Videos from 2013 show Gruber telling groups that the "stupidity of the American voter" and a "lack of transparency" were important to passing the legislation. Gruber recently said he "spoke inappropriately, and I regret having made those comments."

Also testifying Tuesday will be Marilyn Tavenner, administrator of the Centers for Medicare and Medicaid Services. In an effort to distance Tavenner from Gruber's remarks, the administration asked Issa to put her on a different witness panel. Issa's staff said it was weighing the request.

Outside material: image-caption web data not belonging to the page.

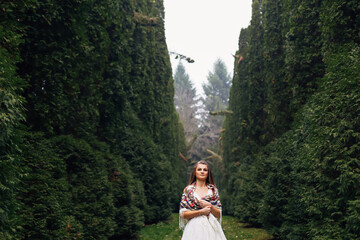 bride stands among trees in park in wedding dress and a shawl on
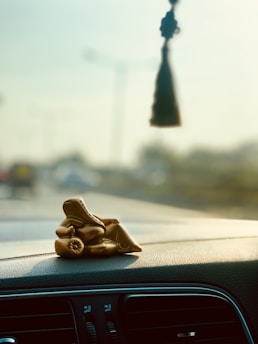 A small golden statue of Ganesha is placed on the dashboard of a car. The background shows a blurred view of a road with vehicles, and a hanging car accessory is visible from the rearview mirror.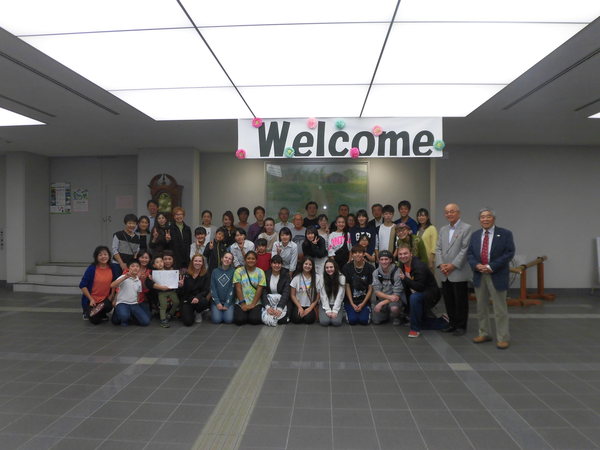 市民ホールでワラワラ市から来られた方々と市職員がウェルカムと書かれたボードの下で並んでいる写真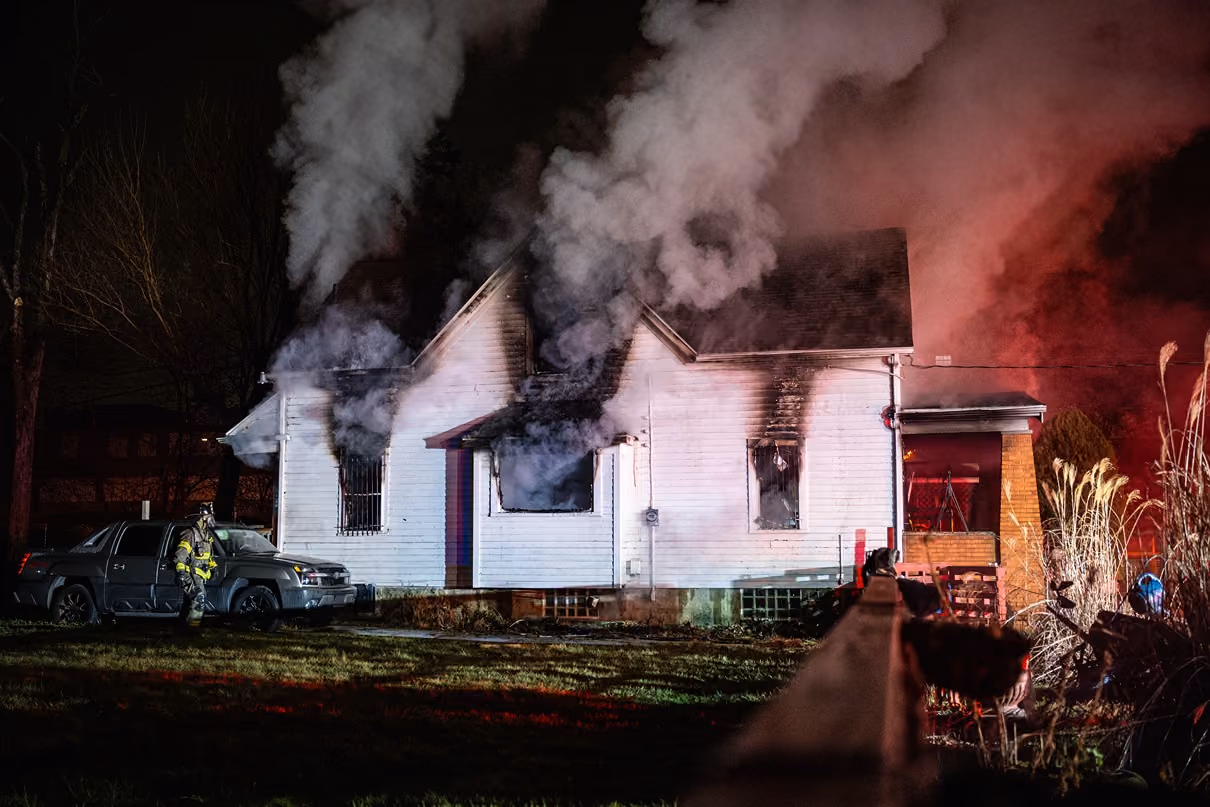 White house emitting thick smoke from windows with firefighter standing near a gray truck at night.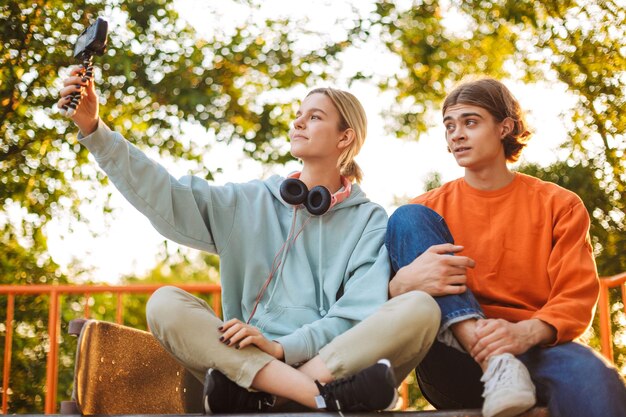 Joven patinador y niña grabando un nuevo video mientras pasan tiempo juntos en el skatepark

Issa calls the health care law "the poster child for this administration's broken transparency promises."

Issa's bare-knuckled inquiries into administration policies and missteps have often infuriated Democrats while providing welcome fodder for conservative talk shows, speeches and campaigns.

His broadsides against the IRS, State Department and other agencies may have helped excite the Republican base in the November midterm elections. But Issa sometimes embarrasses GOP leaders, as when he cut off the committee microphone at an IRS hearing when the top Democrat, Rep. Elijah Cummings of Maryland, was trying to speak. And some Republican lawmakers chastised Issa when he called then-Obama spokesman Jay Carney a "paid liar."

Issa has clashed with the administration on numerous topics. When he accused it of improper campaigning, he tried to bring two former Cabinet members — former Health Secretary Kathleen Sebelius and former Labor Secretary Hilda Solis — before his committee. They declined.